Here the job is to transcribe the data verbatim while leaving each picture out.

(DATA IN THIS EXERCISE)

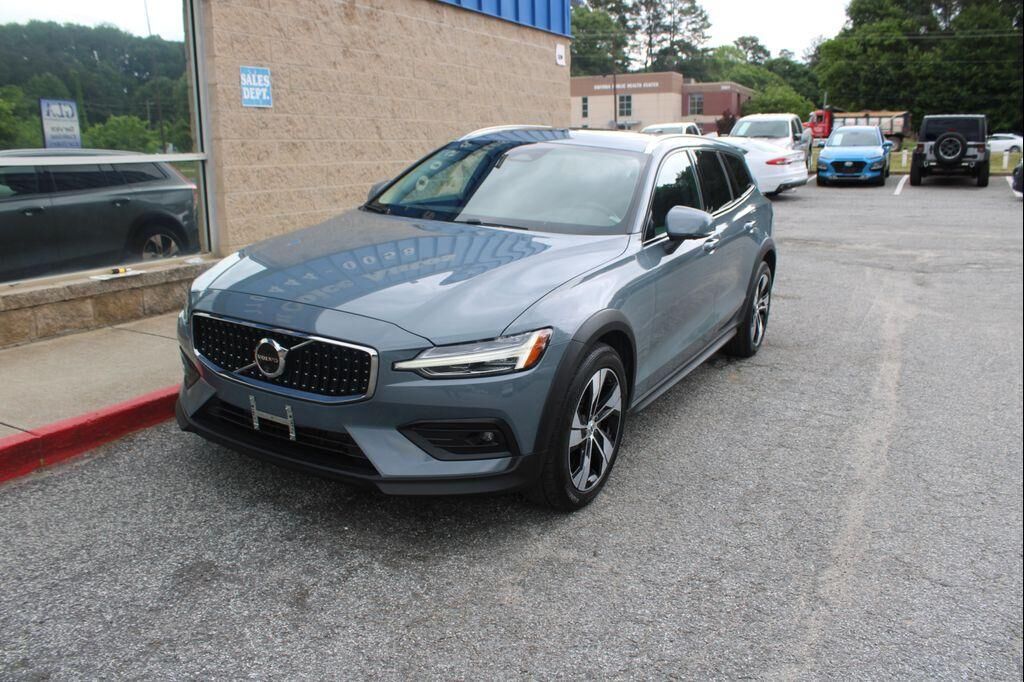 2024 VOLVO V60CC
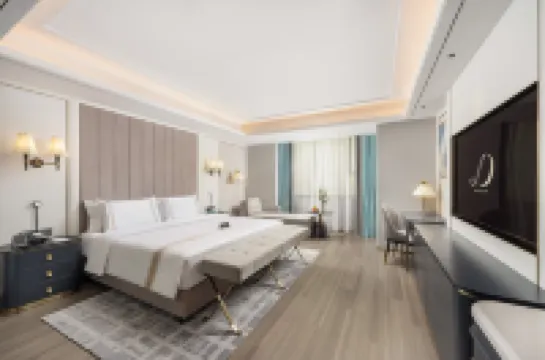 Chaozhou Town People's Square XANA Deluxe Hotel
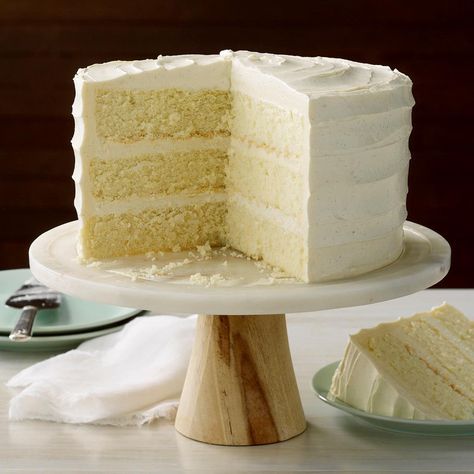 Best Vanilla Buttercream Vanilla Wedding Cake, Fall Birthday Cakes, Homemade Frosting Recipes, Best Vanilla Cake Recipe, Wedding Cake Vanilla, Cake Banana, Caramel Icing, Rich Cake, Mini Torte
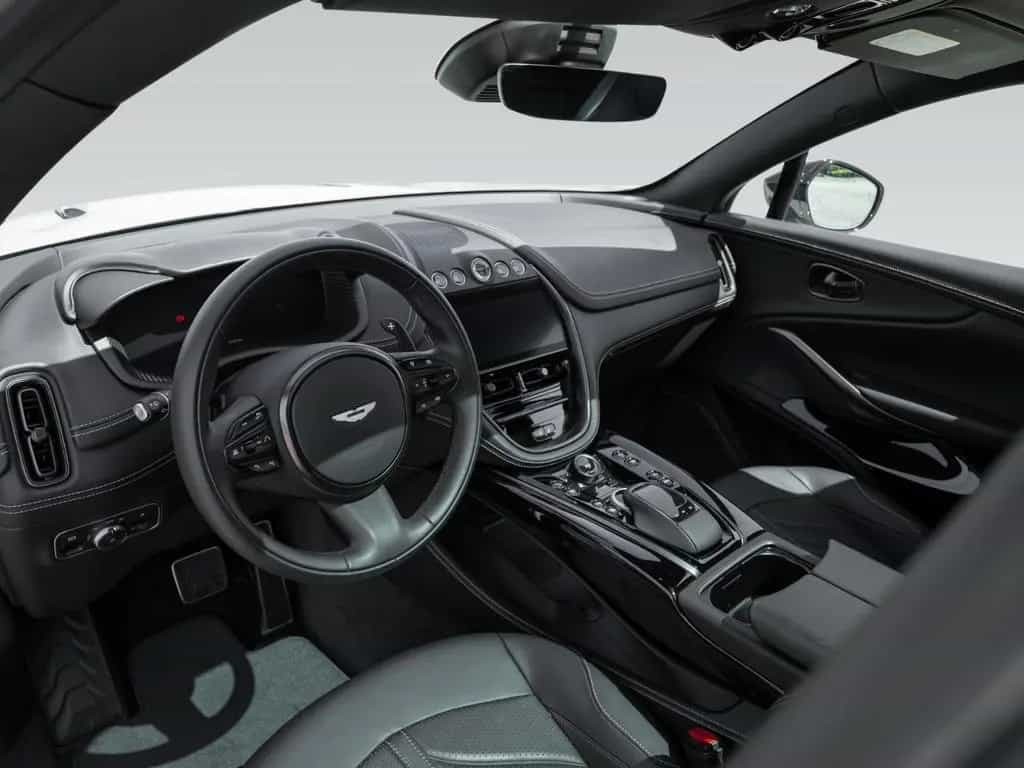 Aston Martin DBX 707 | Remote Park Heat | Gloss Black Package 07/2023-photo-5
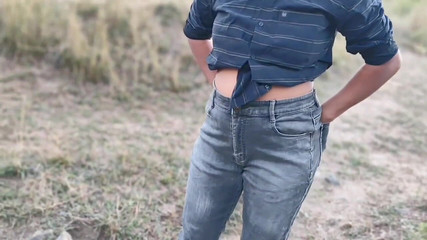 Romantic Outdoor Sex Between Brother-in-law and Sister-in-law, Beautiful Sister-in-law Said the Mouse Is Very Big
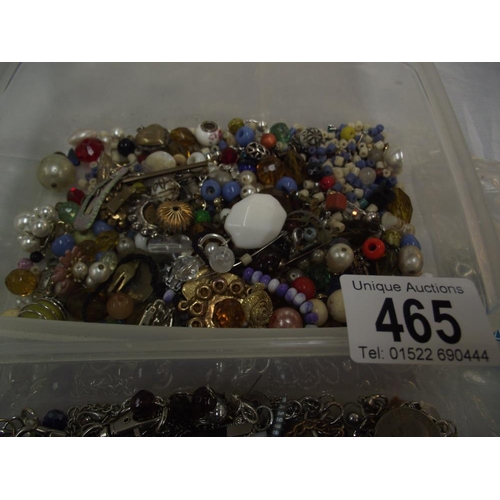 465 - A quantity of assorted chain links, loose beads etc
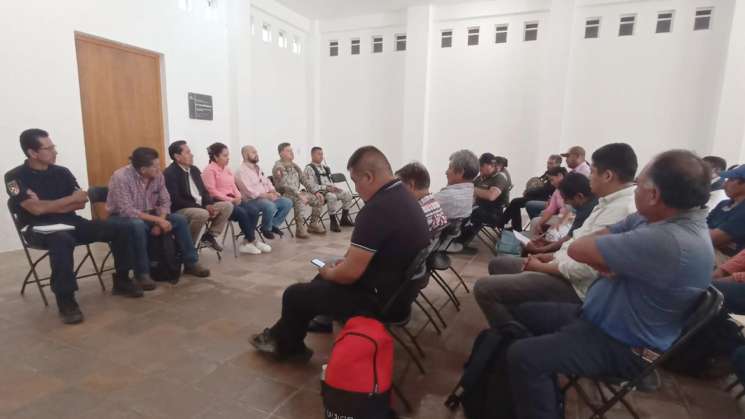 Abona Sego a construcción de paz entre Yosondúa y Yolotepec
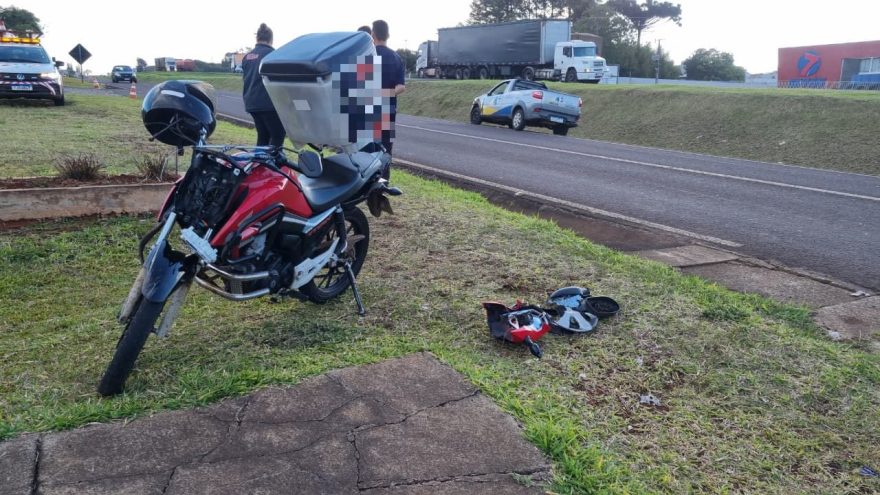 Motociclista fica ferido em acidente na marginal da BR-277, em Cascavel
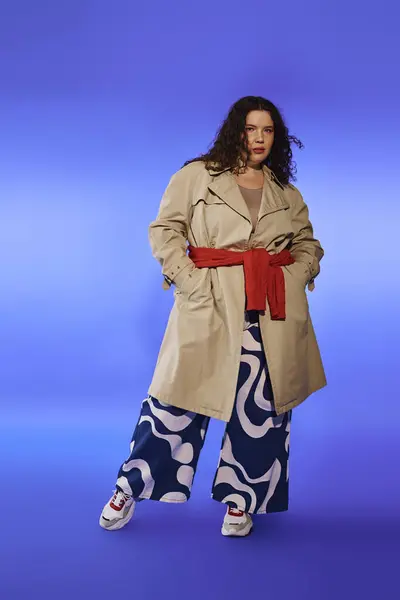 Una donna fiduciosa plus size mostra il suo stile in un trench alla moda e pantaloni audaci. — Foto stock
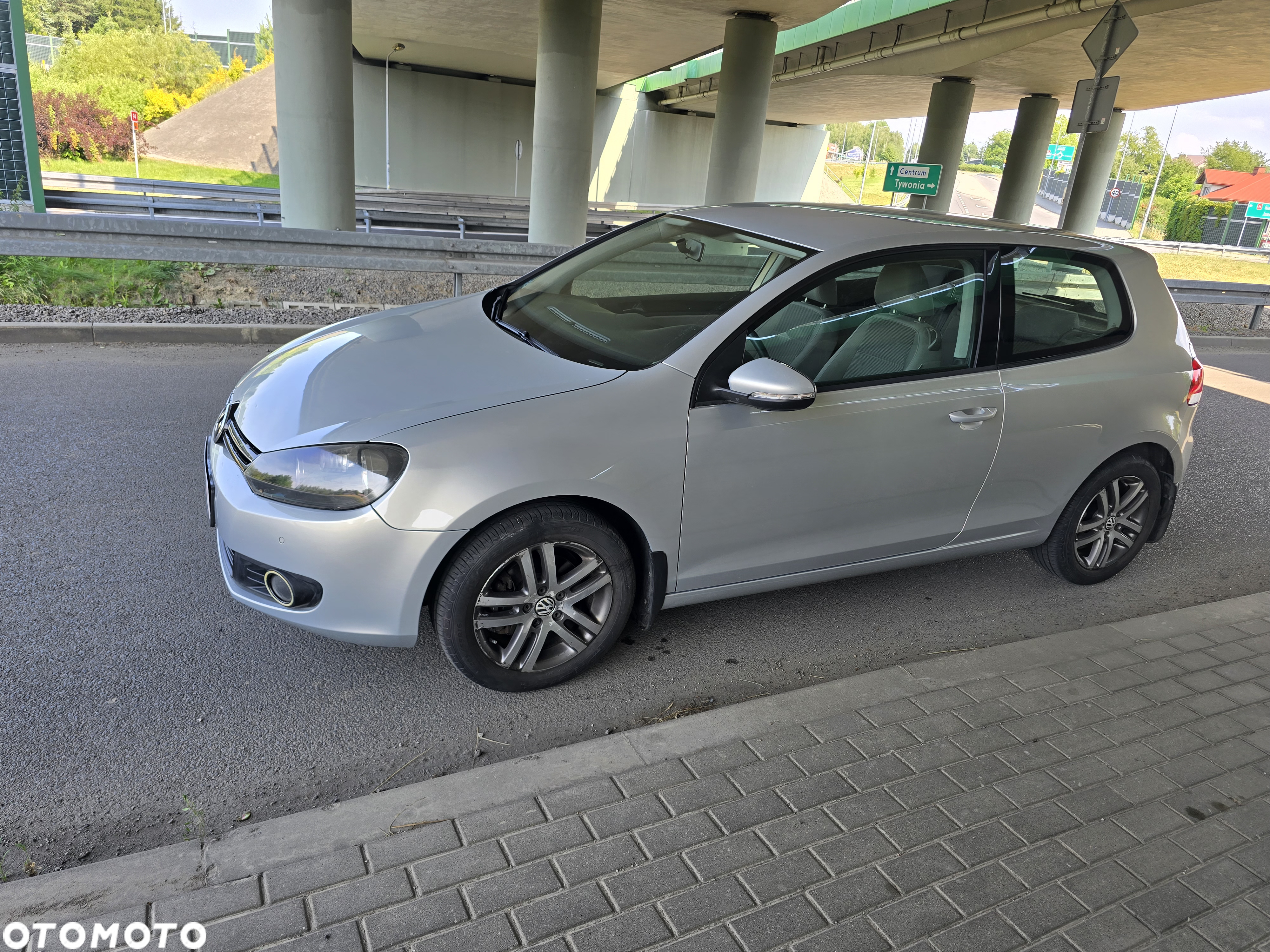 Volkswagen Golf VII 1.4 TSI BMT Comfortline - 4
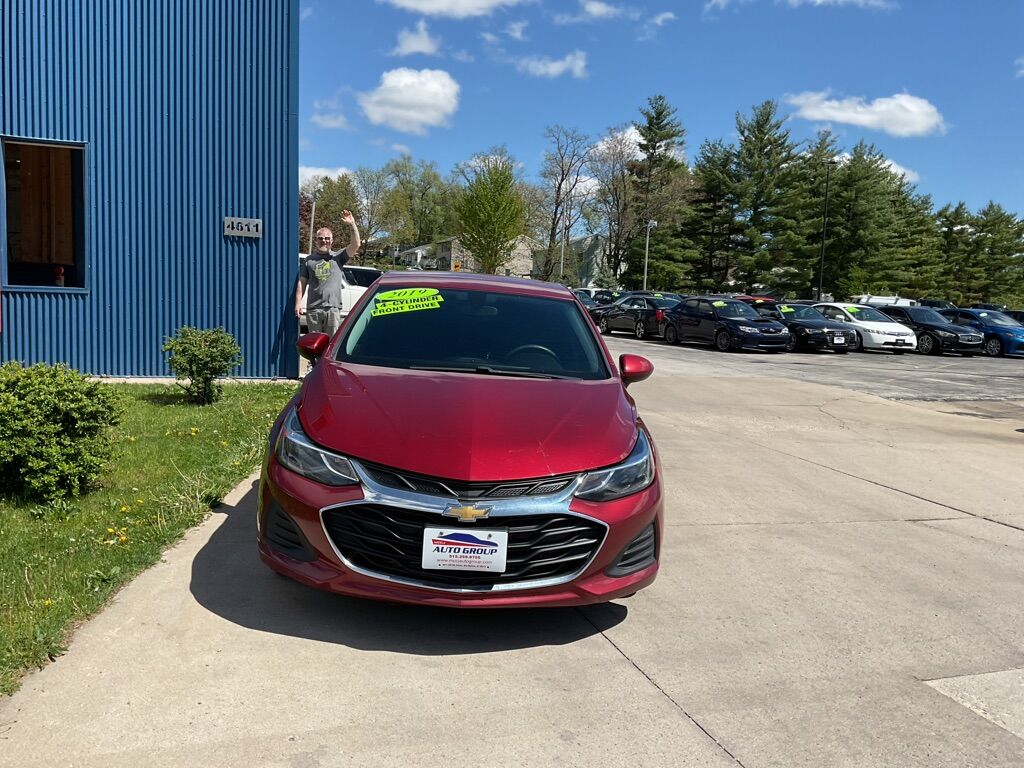 2019 Chevrolet Cruze  - MCCJ Auto Group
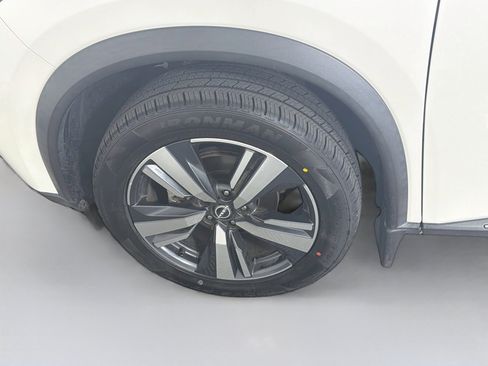 Used 2023 Nissan Rogue SL FWD image 11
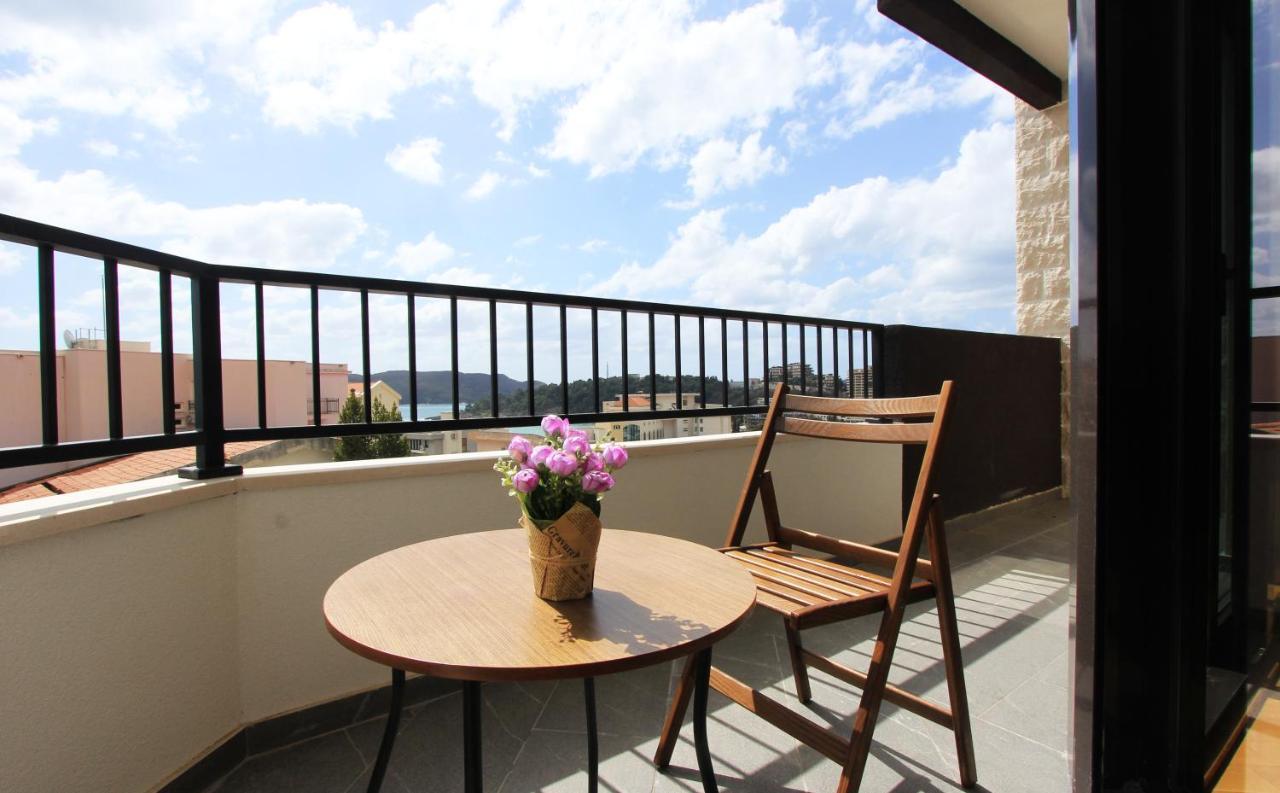 Apartment Sea View In Becici *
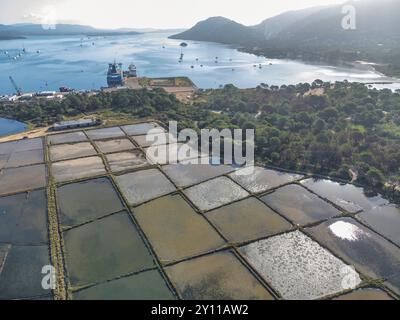 Die Salinen von Porto Vecchio aus der Vogelperspektive, die seit Ende der 80er Jahre nicht mehr in Betrieb sind, sind heute ein perfektes Ziel für Spaziergänge in der Natur in der Umgebung der Stadt, Corse-du-Sud, Korsika, Frankreich Stockfoto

(End DATA IN THIS EXERCISE)

§ EXPECTED ANSWER:
 2024 VOLVO V60CC
 Chaozhou Town People's Square XANA Deluxe Hotel
 Best Vanilla Buttercream Vanilla Wedding Cake, Fall Birthday Cakes, Homemade Frosting Recipes, Best Vanilla Cake Recipe, Wedding Cake Vanilla, Cake Banana, Caramel Icing, Rich Cake, Mini Torte
 Aston Martin DBX 707 | Remote Park Heat | Gloss Black Package 07/2023-photo-5
 Romantic Outdoor Sex Between Brother-in-law and Sister-in-law, Beautiful Sister-in-law Said the Mouse Is Very Big
 465 - A quantity of assorted chain links, loose beads etc
 Abona Sego a construcción de paz entre Yosondúa y Yolotepec
 Motociclista fica ferido em acidente na marginal da BR-277, em Cascavel
 Una donna fiduciosa plus size mostra il suo stile in un trench alla moda e pantaloni audaci. — Foto stock
 Volkswagen Golf VII 1.4 TSI BMT Comfortline - 4
 2019 Chevrolet Cruze  - MCCJ Auto Group
 Used 2023 Nissan Rogue SL FWD image 11
 Apartment Sea View In Becici *
 Die Salinen von Porto Vecchio aus der Vogelperspektive, die seit Ende der 80er Jahre nicht mehr in Betrieb sind, sind heute ein perfektes Ziel für Spaziergänge in der Natur in der Umgebung der Stadt, Corse-du-Sud, Korsika, Frankreich Stockfoto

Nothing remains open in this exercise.